Cinque, Marcello; Cotroneo, Domenico; Corte, Raffaele Della; Pecchia, Antonio

doi:10.1109/TR.2016.2570564

Monitoring is a consolidated practice to characterize the dependability behavior of a software system. A variety of techniques, such as event logging and operating system probes, are currently used to generate monitoring data for troubleshooting and failure analysis. In spite of the importance of monitoring, whose role can be essential in critical software systems, there is a lack of studies addressing the assessment and the comparison of the techniques aiming to monitor the occurrence of failures during operations. This paper proposes a method to characterize the monitoring techniques implemented in a software system. The method is based on a fault injection approach and allows measuring 1) precision and recall of a monitoring technique and 2) the dissimilarity of the data it generates upon failures.

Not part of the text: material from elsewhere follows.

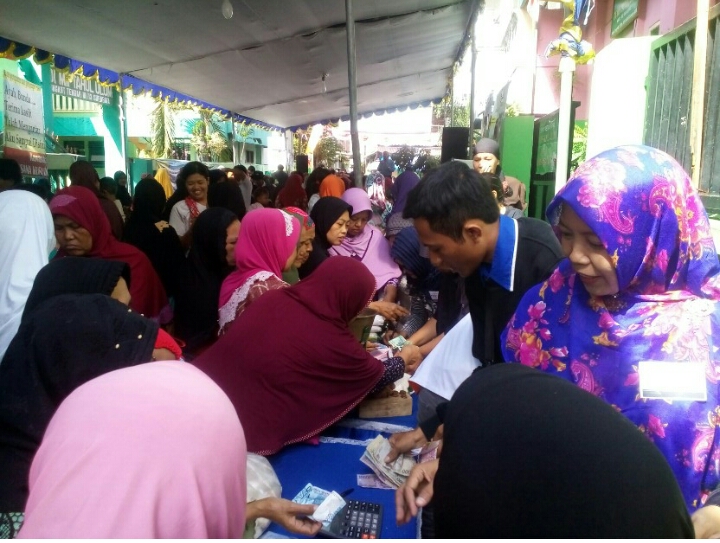 Pasar Sembako Murah yang digelar di Rungkut Tengah III, Surabaya ramai diserbu pembeli, untuk minyak goreng dan bawang putih. (foto: ngopibareng.id)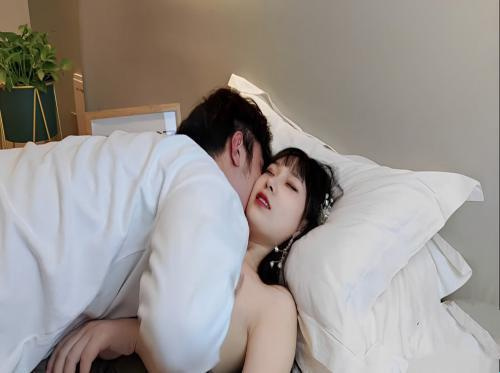 Memperkosa pacar pertamanya di hotel sepanjang malam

The method has been used in two critical software systems implementing event logging, assertion checking, and source code instrumentation techniques. We analyzed a total of 3 844 failures. With respect to our data, we observed that the effectiveness of a technique is strongly affected by the system and type of failure, and that the combination of different techniques is potentially beneficial to increase the overall failure reporting ability. More important, our analysis revealed a number of practical implications to be taken into account when developing a monitoring technique.